ASSIGNED TASK: Every line of the data below must be output exactly, with images left out.

+++

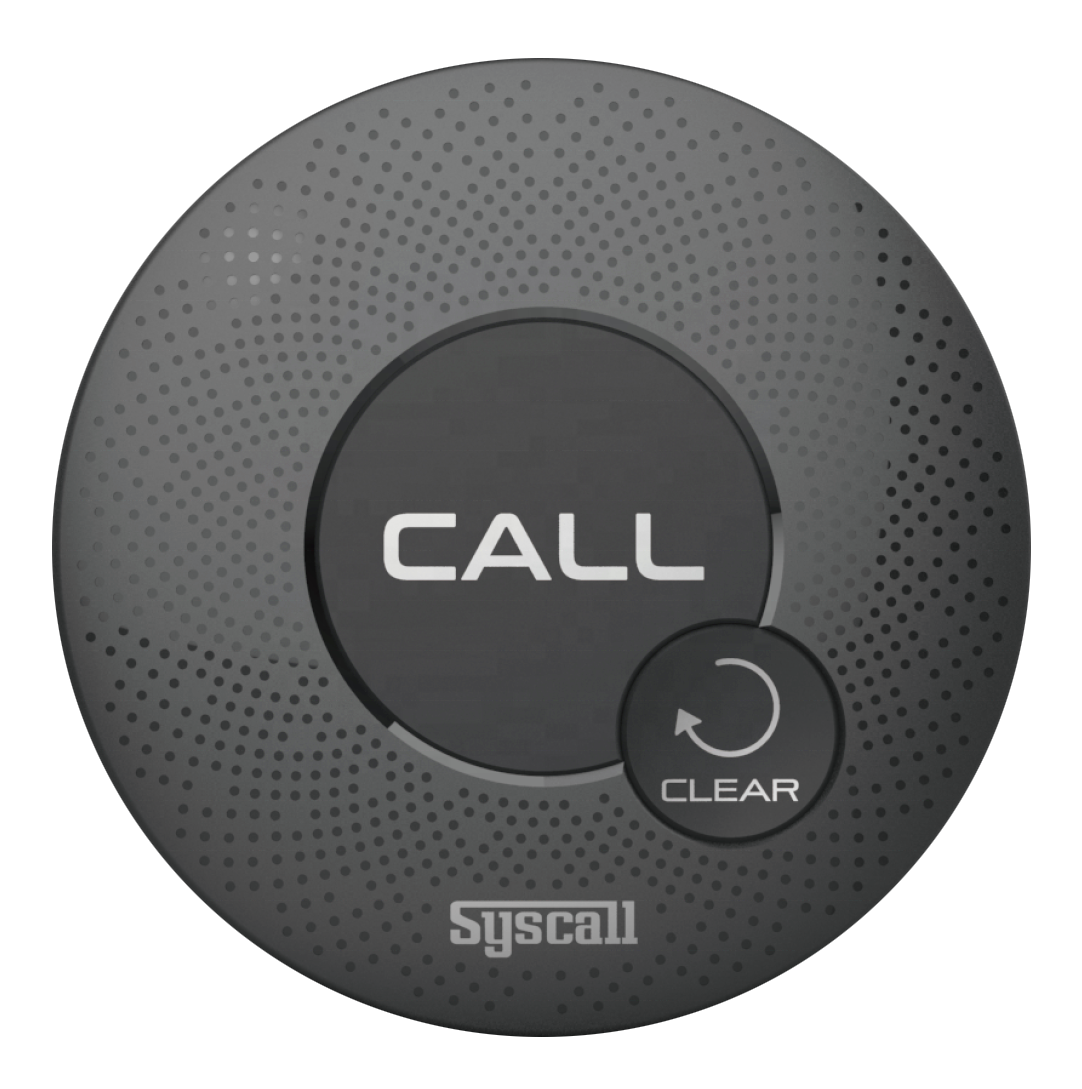 Streamlined Service: Introducing Our Wireless Restaurant System with Call Button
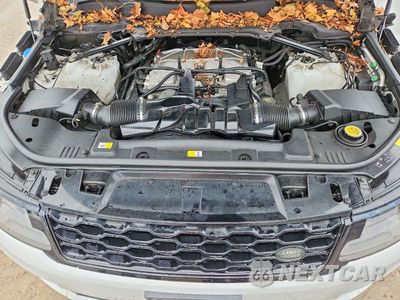 Zdjęcie 12 z 12 samochodu: 2018 LAND ROVER RANGE ROVER SPORT HSE DYNAMIC VIN:SALWV2SV5JA698609 - miniatura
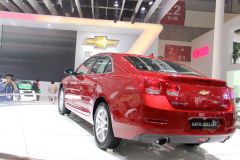 雪佛兰-迈锐宝(进口)1.6T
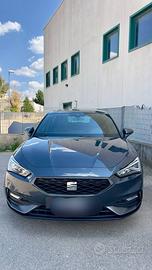 Seat leon fr 1.5 150cv  etsi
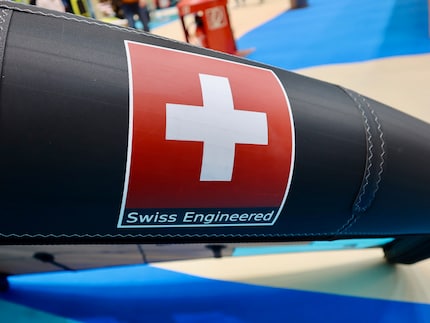 Made for conditions on Swiss lakes, the products are also well received internationally.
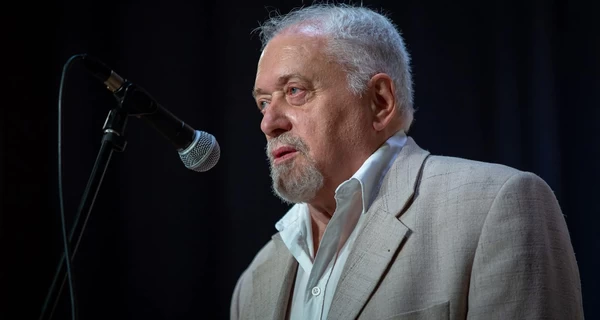 Помер психіатр, правозахисник, радянський політв'язень Семен Глузман 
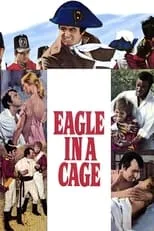 Póster de Eagle in a Cage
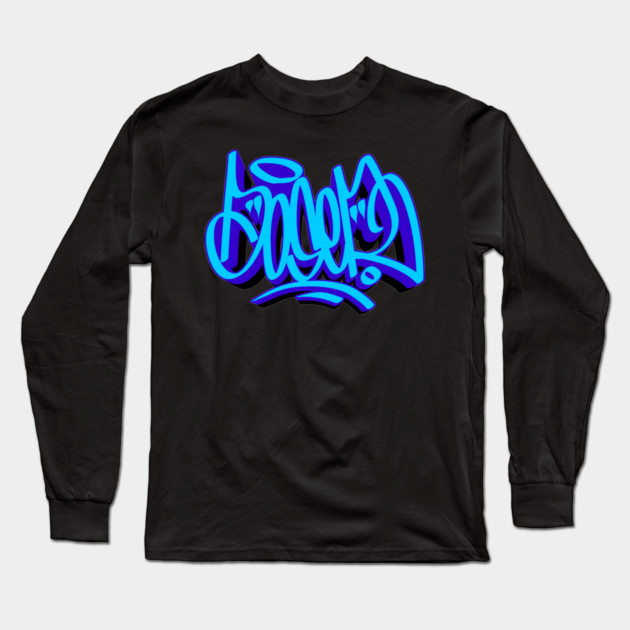 Doser Tag V.3 Long Sleeve T-Shirt by DOSER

+++

SOLUTION TO THIS TASK:
 Streamlined Service: Introducing Our Wireless Restaurant System with Call Button
 Zdjęcie 12 z 12 samochodu: 2018 LAND ROVER RANGE ROVER SPORT HSE DYNAMIC VIN:SALWV2SV5JA698609 - miniatura
 雪佛兰-迈锐宝(进口)1.6T
 Seat leon fr 1.5 150cv  etsi
 Made for conditions on Swiss lakes, the products are also well received internationally.
 Помер психіатр, правозахисник, радянський політв'язень Семен Глузман 
 Póster de Eagle in a Cage
 Doser Tag V.3 Long Sleeve T-Shirt by DOSER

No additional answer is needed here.